## Data
════════════════════
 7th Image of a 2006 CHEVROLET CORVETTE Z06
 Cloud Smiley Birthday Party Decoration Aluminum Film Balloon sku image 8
════════════════════
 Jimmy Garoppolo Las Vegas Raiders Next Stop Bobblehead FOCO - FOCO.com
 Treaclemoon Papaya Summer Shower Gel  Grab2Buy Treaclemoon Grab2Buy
════════════════════
## What you need to do
Copy word for word the stretch of entries above from the line that has "7th Image of a 2006 CHEVROLET CORVETTE Z06" through the line that has "Cloud Smiley Birthday", both ends included, and nothing outside it.

## Answer to this exercise
 7th Image of a 2006 CHEVROLET CORVETTE Z06
 Cloud Smiley Birthday Party Decoration Aluminum Film Balloon sku image 8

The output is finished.